### Assignment
The lines below from the one with "Large 19th C." up to and including the one with "墓地4层框架结构欧式娱乐中心用房建筑设计方案图_图1" are what you should set down, exactly and without pictures.

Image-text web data
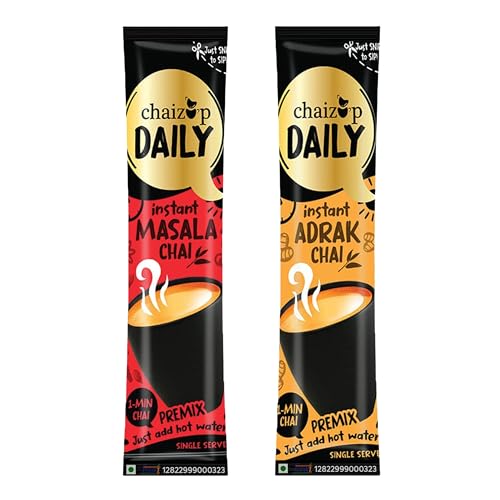 Image of Chaizup Daily 1 Min instant Assorted Tea Pack - 40 Sachets | Adrak & Masala Flavour | 40 Servings | 2 Packs (20 Flavours Each) | 560g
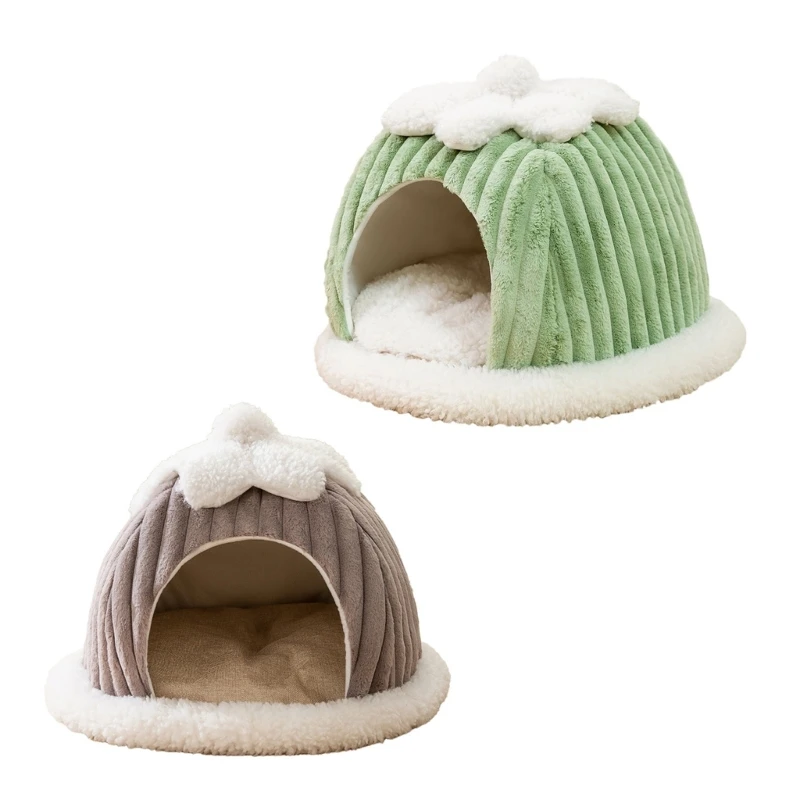 

Enclosed Pumpkin Cat House Indoor Plush Tent for Winter Indoor Pet Rest 6XDE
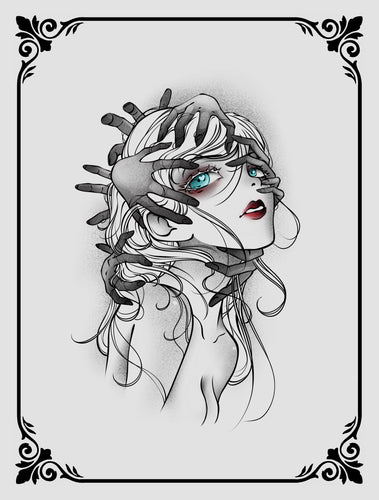 Tattoo design by JPD of a woman surrounded by mystical hands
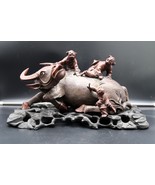 Large 19th C. Chinese Teak Carved Wood Water Buffalo W/ Children W/ Stan... - $11,025.15 MXN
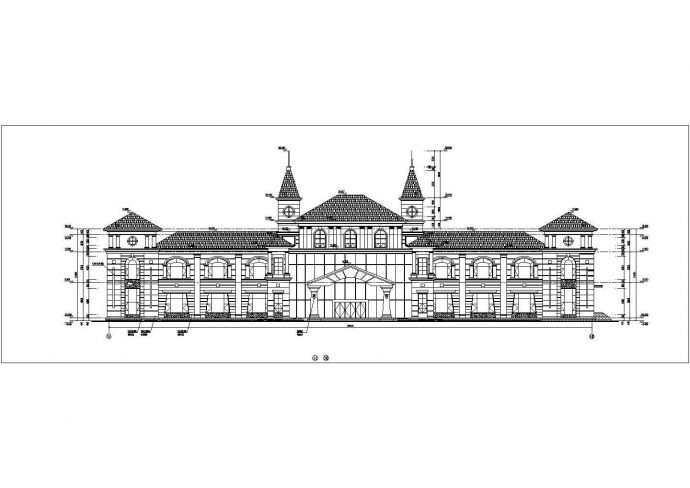 墓地4层框架结构欧式娱乐中心用房建筑设计方案图_图1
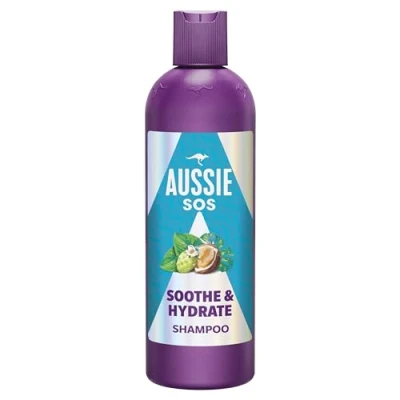Imagen de Aussie SOS Soothe &amp; Hydrate Champú 300ml Para Pelo Y Cuero Cabelludo Muy Secos. Hidrata Intensamente El Cabello Cabelludo. Deja Suave, Liso Brillante De Raíz A Puntas. Vegano
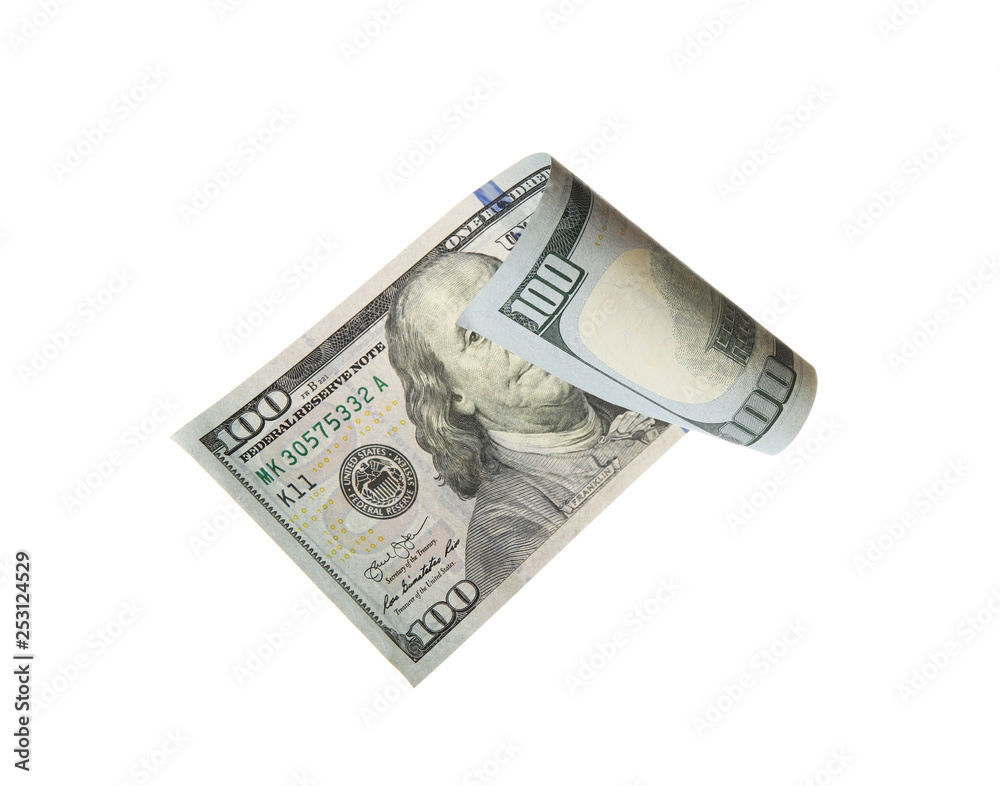 One hundred dollar banknote on white background. American national currency One hundred dollar banknote on white background. American national currency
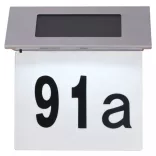 napelemes rozsdamentes acél házszám kivilágító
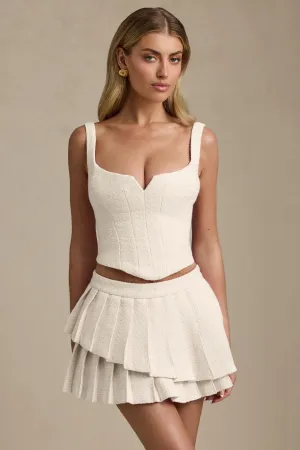 Layered Pleated Low-Rise Mini Skirt in Ivory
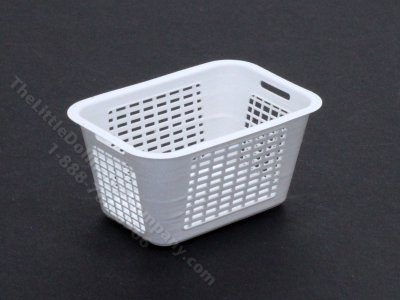 (image for) Miniature White Laundry Basket for Dollhouses
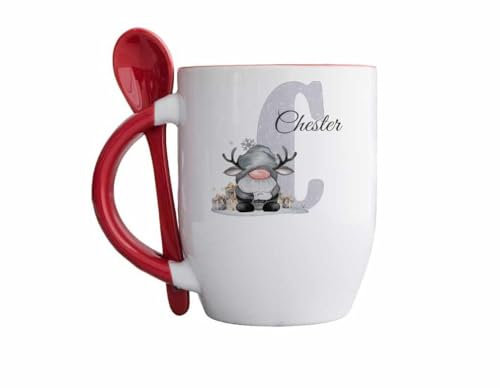 Personalised Red Handle Grey Reindeer Gnome/Gonk Initial Mug with spoon, Christmas Alphabet with Antlers and gifts hot chocolate, Cute Xmas mug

### Solution to the exercise
 Large 19th C. Chinese Teak Carved Wood Water Buffalo W/ Children W/ Stan... - $11,025.15 MXN
 墓地4层框架结构欧式娱乐中心用房建筑设计方案图_图1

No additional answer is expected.